In particle swarm optimization, the acceleration factor determines the influence of individual particle experience information and other particle experience information on the optimization trajectory. For the acceleration factor, c₁ is the global acceleration factor and c₂ is the local acceleration factor [29]. To converge faster, the acceleration factor is improved so that c₁ gradually increases and c₂ gradually decreases, thus strengthening the convergence ability of particles to the global optimum.

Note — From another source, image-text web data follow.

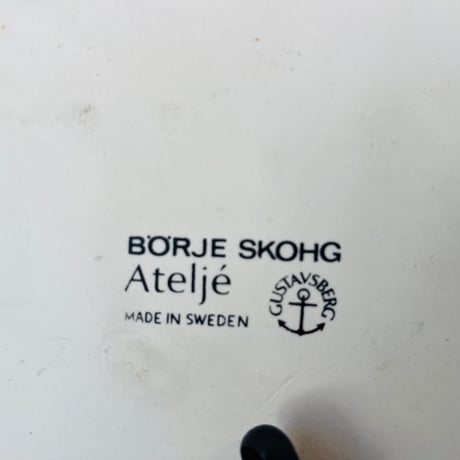 【Börje Skohg】馬の陶板《Gustavsberg》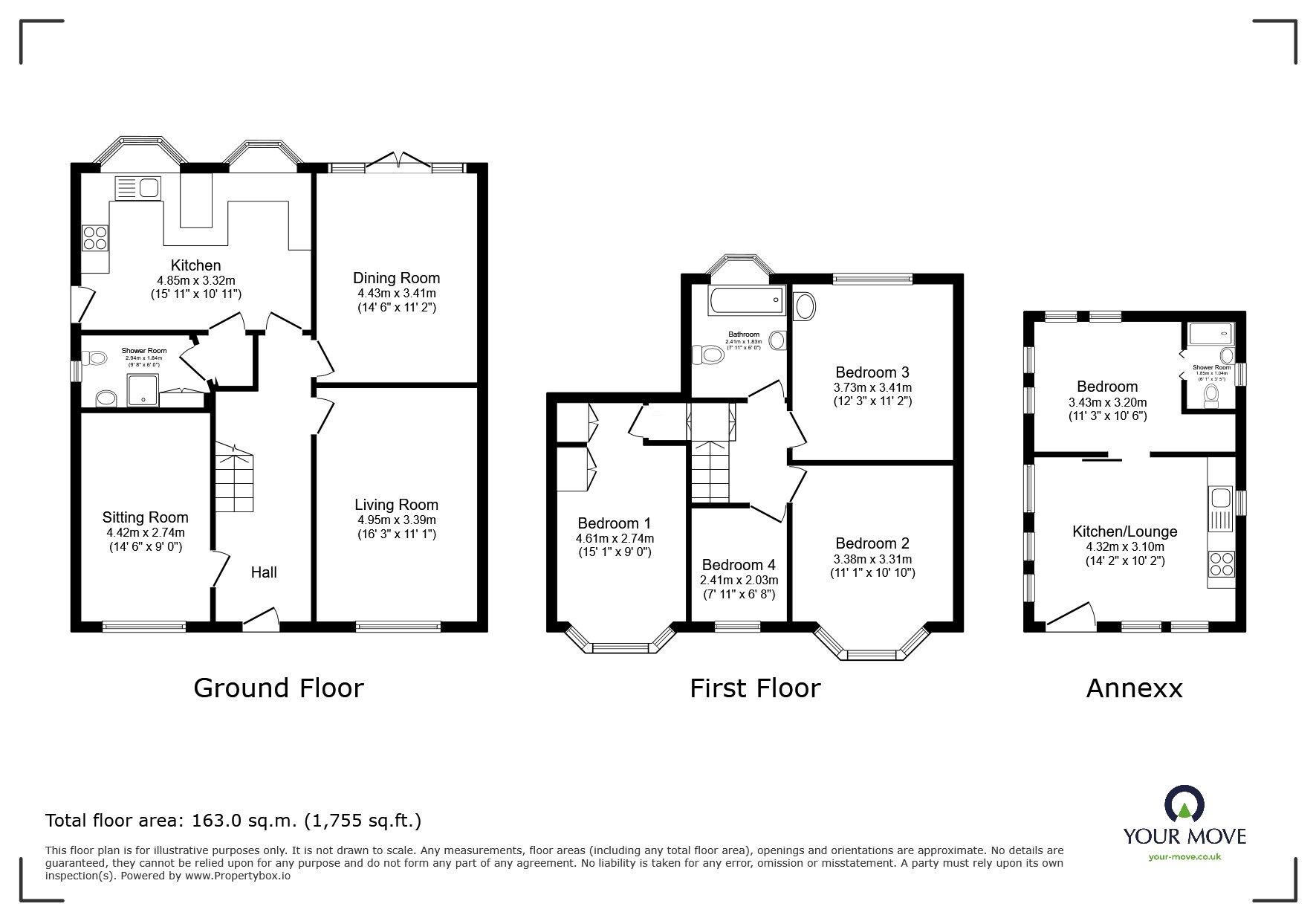Floorplan of 4 bedroom Detached House for sale, Tennis Court Drive, Leicester, Leicestershire, LE5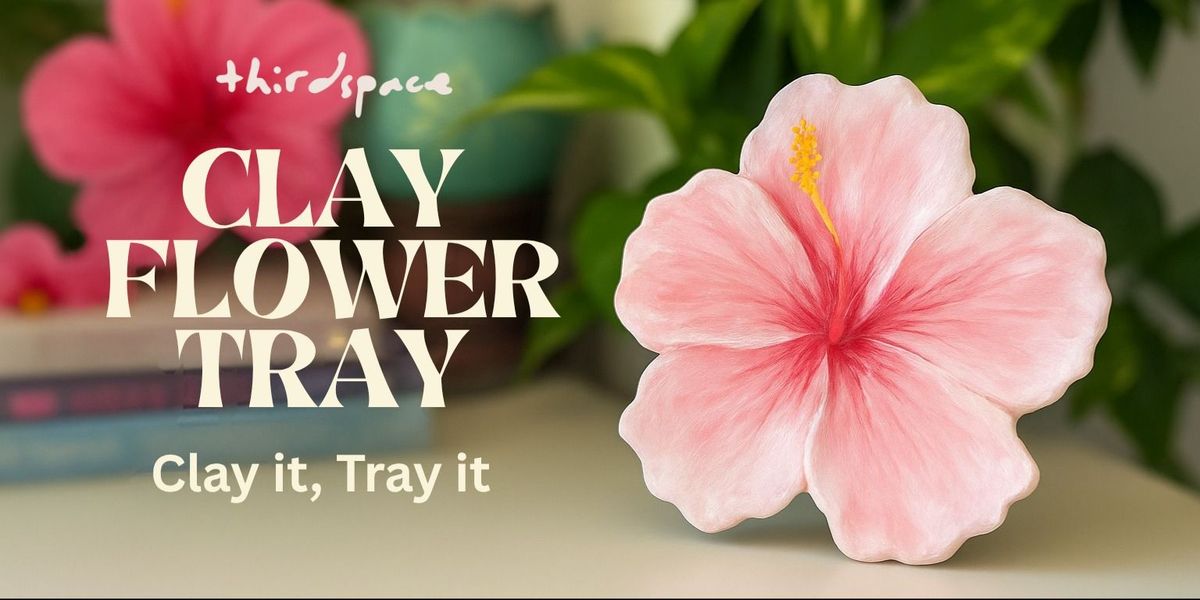 Clay Flower Tray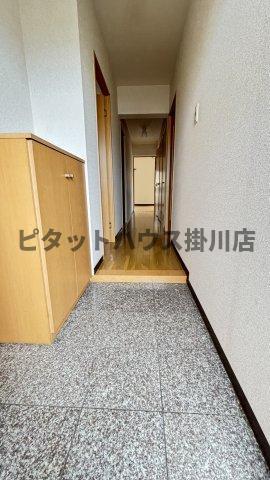 袋井市愛野東マンション 玄関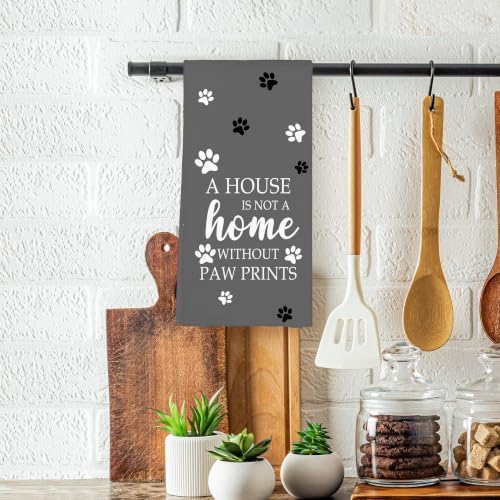 Grey Paw Farmhouse Kitchen Towels Decor Gifts - Image 2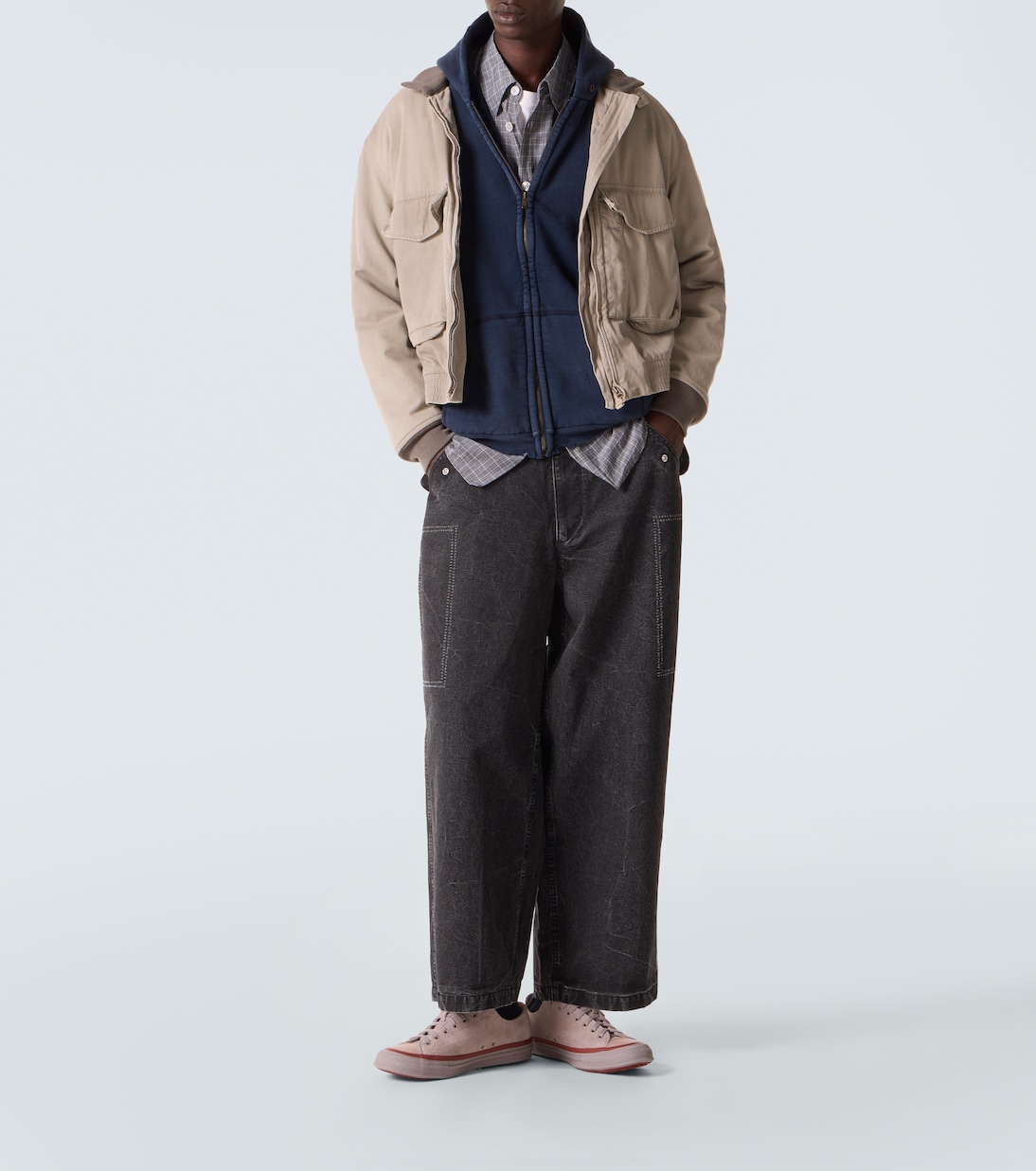 Vintage cotton zip-up hoodie | A.Presse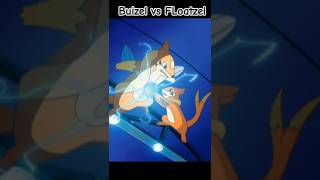 Buizel vs FLoatzel pokemon trending buizel floatzel shorts shotsfeed [upl. by Natfa]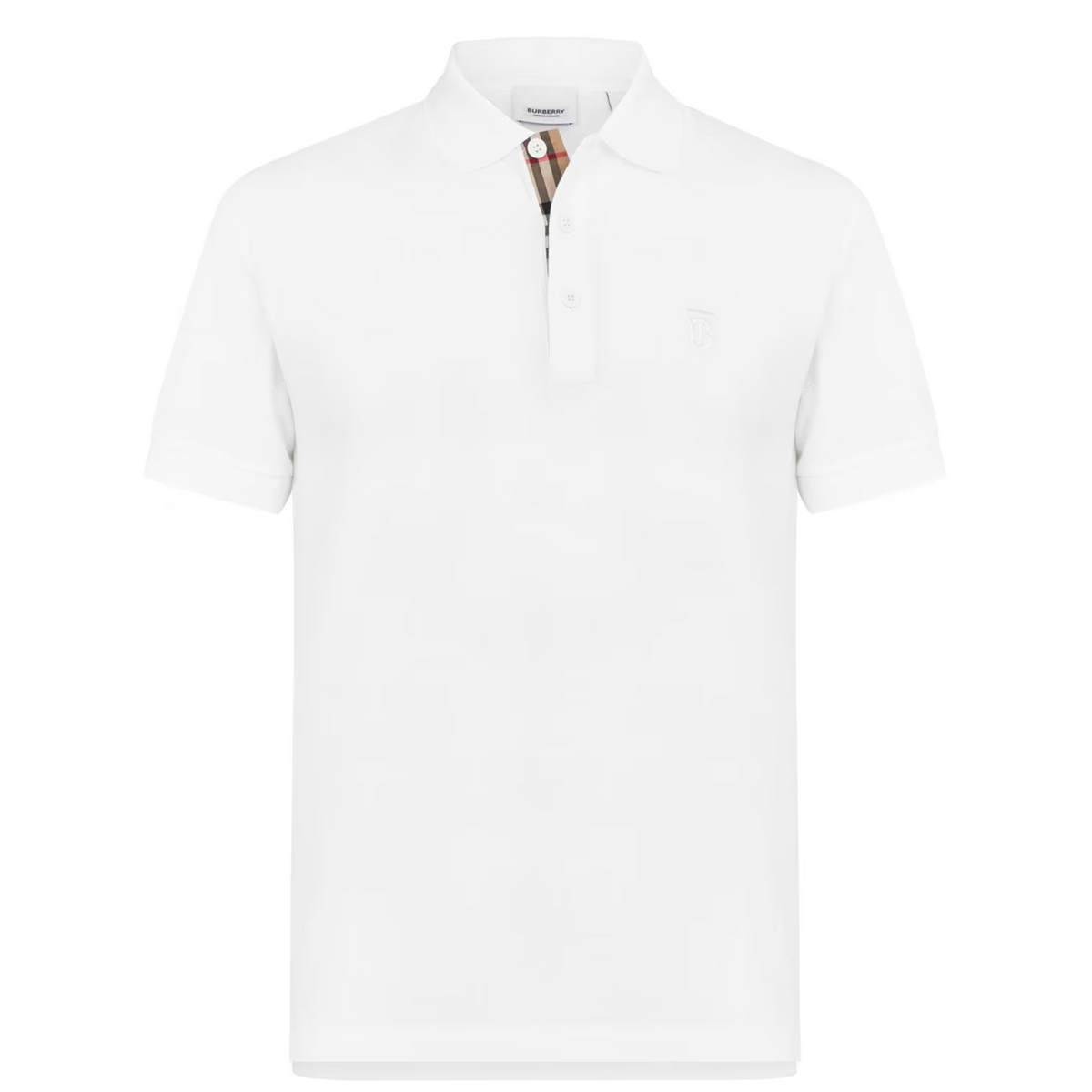 Burberry White Eddie Logo Polo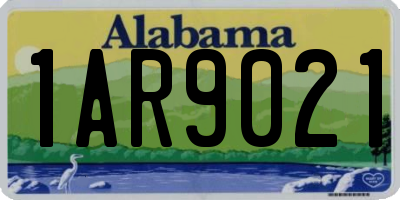 AL license plate 1AR9021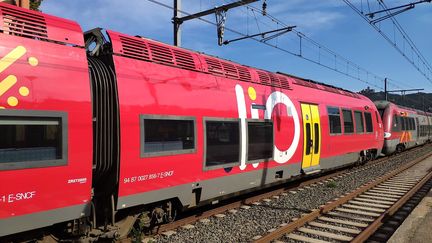 Un Train TER LiO la région Occitanie, en octobre 2021. (SEBASTIEN BERRIOT / RADIOFRANCE)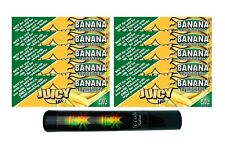 Juicy Jay's Banana Rolling Papers 1.25 10 Packs & Child Resistant Tube picture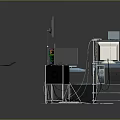 Modern Computer Workstation With Multiple Monitors Curved Desk Speakers And Cable Management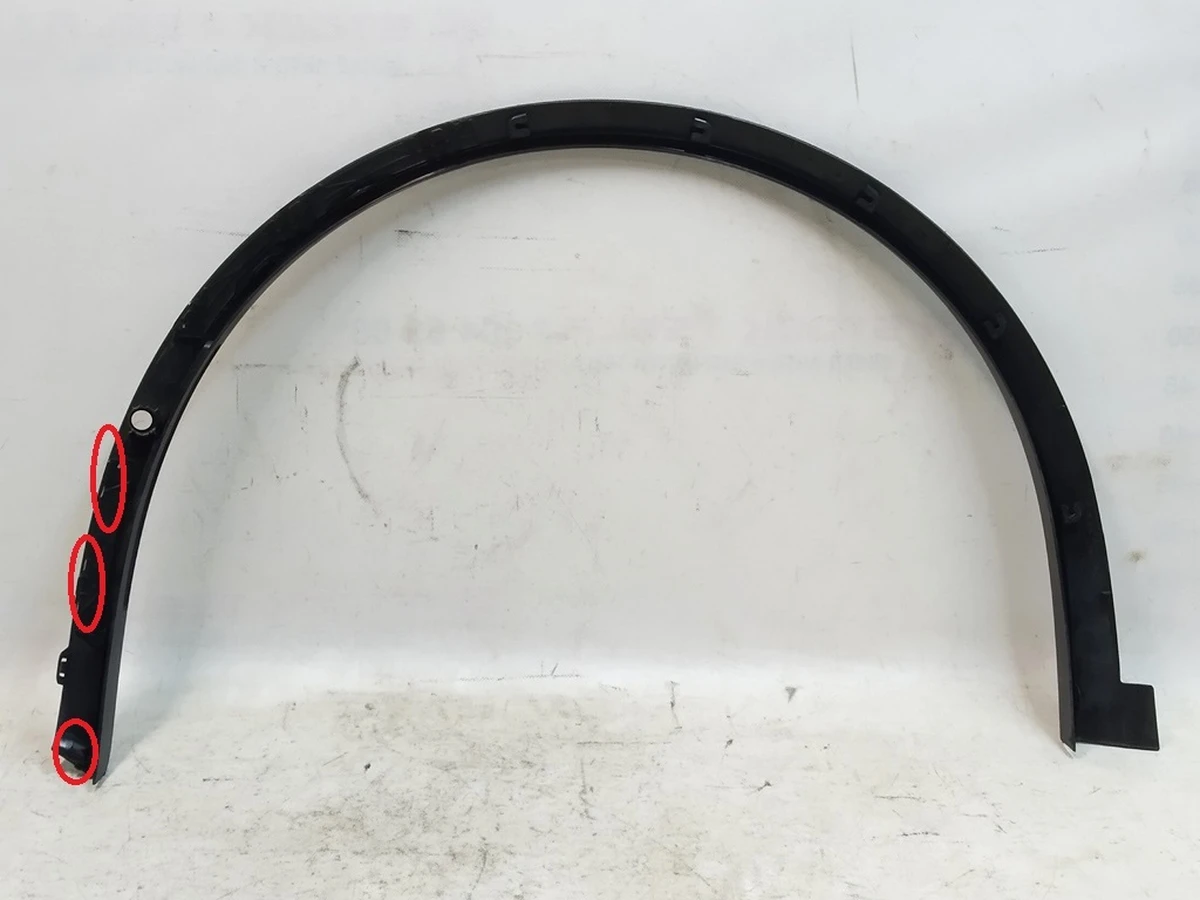 2 Assembly, fender garnish front, RH MDL X (damaged) Tesla Model X 1035289-00-P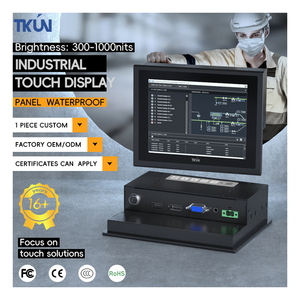 Tkun công nghiệp 6-6.4 inch nhúng cảm ứng điện dung màn hình <span class=keywords><strong>LCD</strong></span> Màn hình 12-24V HD dp/USB giao diện 4:3 khía cạnh tỷ lệ mới - Product Image 1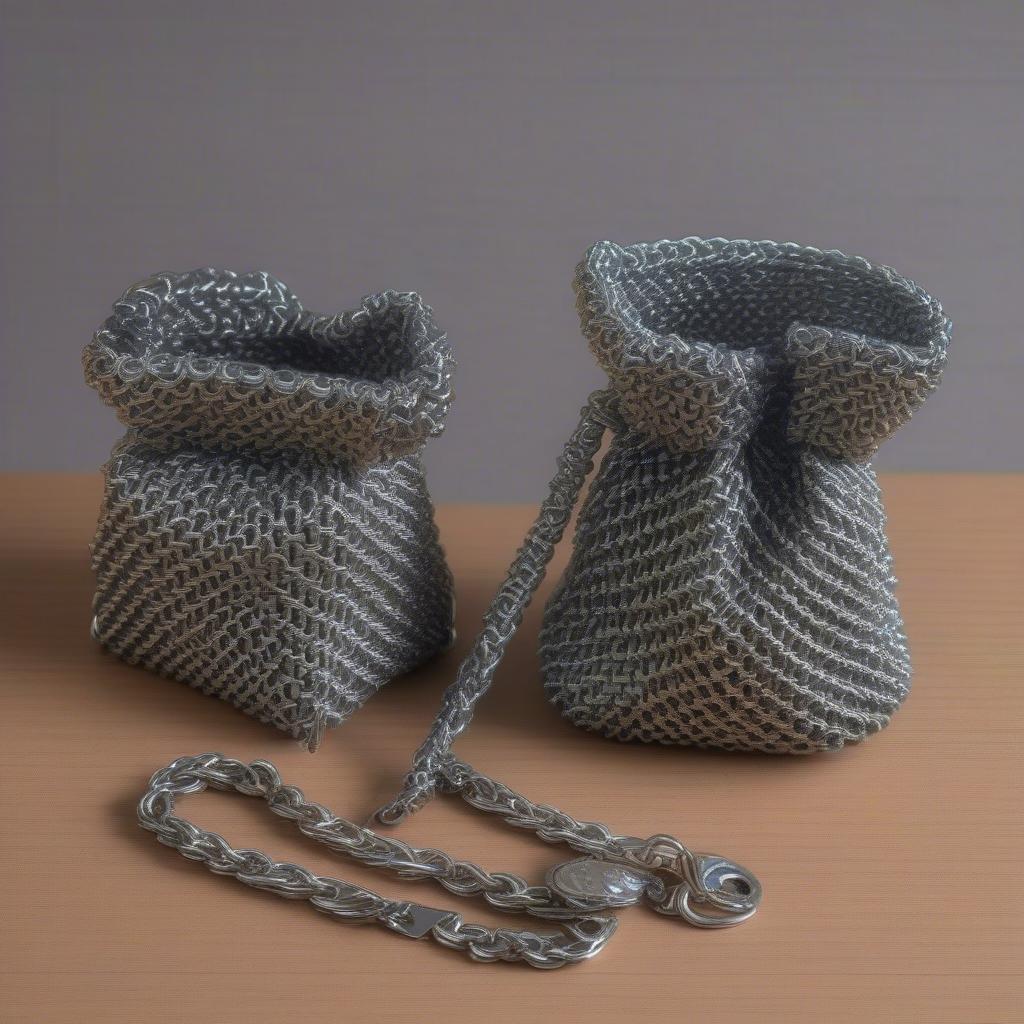 Basic Maille Dice Bag Weaves: Examples of Box Chain and European 4-in-1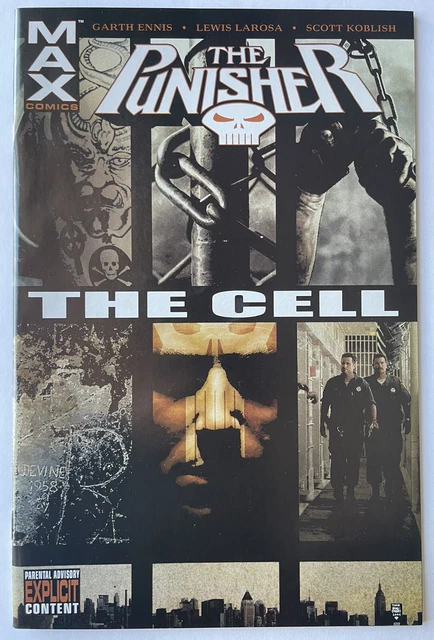 Punisher : The Cell #1 (Marvel 2005 Max One Shot) Garth Ennis! Lewis Larosa!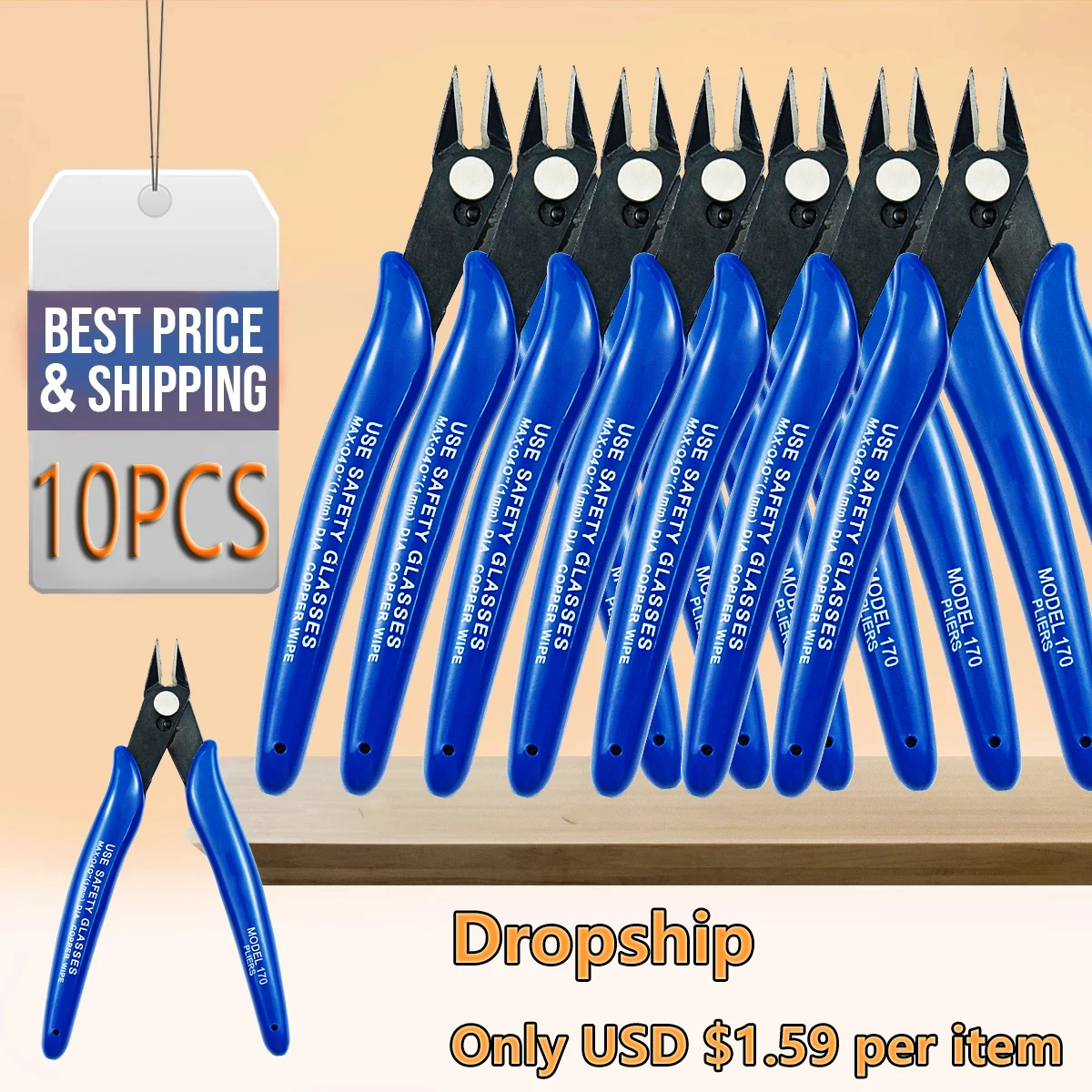 

10pcs Dropship Pliers Multitool Tools Electrical Pliers Wire Cable Cutters Cutting Side Snip Flush Nipper Hand Tools edc Clamp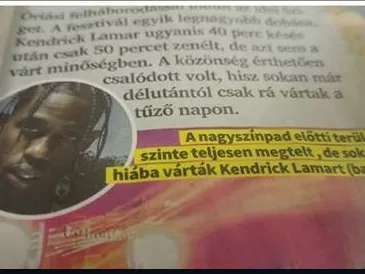 A Lokál annyira begurult Kendrick Lamarra, hogy más rapper képével illusztrálták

$$\begin{array}{l}{c}_1=c_0{\sin }^2\left[\frac{\mathsf{\pi }}{2}(1-\frac{k}{k_{\max }})\right]\\ c_2=c_0{\sin }^2\left(\frac{\mathsf{\pi }}{2}\frac{k}{k_{\max }}\right)\end{array}$$

(27)

where: c₀ is the initial value.

4.3. Solution Steps

In solving the problem of optimal system capacity configuration, the paper applies the improved IDW-PSO problem solving and the flow is shown in Figure 4.

5. Model Solving

This paper uses the improved particle swarm optimization algorithm with dynamically adjusted inertia weight to optimize the configuration of each device’s hydrogen-containing hybrid energy storage microgrid capacity. Firstly, the fundamental parameter models of each device unit, including illumination intensity and load parameters, are determined—secondly, input parameters, including capacity range, conversion rate, etc. Then, the system’s capacity is optimized according to the system’s total operating cost. The core of the system optimal analysis method based on IDW-PSO is to determine the optimal capacity allocation under the condition of minimum total system cost, to reduce the loss of power supply probability, reduce the fluctuation of power, preventing instability of the microgrid. A flow diagram of the operation strategy is illustrated in Figure 5:

Step (1):

Modeling each unit of the microgrid, inputting data such as wind speed and load, and inputting relevant parameters;

Step (2):

Initialize the calculated output of photovoltaic and wind power generation;

Step (3):

Input system constraints and objective functions;

Step (4):

Calculate whether the wind and solar power generation meet the load demand ΔE, execute an objective function, and select different operation processes;

Step (5):

After executing the objective function, check whether the microgrid is within the constraint range and update the relevant parameters of the system;

Step (6):

Whether the maximum number of iterations has been reached. Without satisfying the condition, the program will continue to run;

Step (7):

Obtain optimal economic operating cost and related data.

6. Example Analysis

Taking a wind, solar, and hydrogen microgrid system in Beijing as an example, the capacity of centralized photovoltaic units is 200 KW, and that of centralized wind turbines is 350 KW. Figure 6 shows the data on wind power, photovoltaic power generation, and load consumption on a specific day in this area. Relevant parameters of battery and hydrogen storage of the system are presented in

Table 1. Example parameters.

Parameter	Value
The daily investment cost of storage battery is RMB/set	397
Battery charging efficiency/%	0.75
Battery discharge efficiency/%	0.85
The daily investment cost of hydrogen energy storage is RMB/set	534
Hydrogen storage charging efficiency/%	0.75
Hydrogen energy storage discharge efficiency/%	0.6
Efficiency of inverter/%	0.95
Type	Service life/year
Wind generator [30]	20
PV	25
Storage battery	15
Electrolytic bath	15
Hydrogen storage tank	25
Fuel battery	10
Inverter	20

. The optimization model of the capacity optimization of wind and hydrogen storage system constructed in this paper is solved by MATLAB.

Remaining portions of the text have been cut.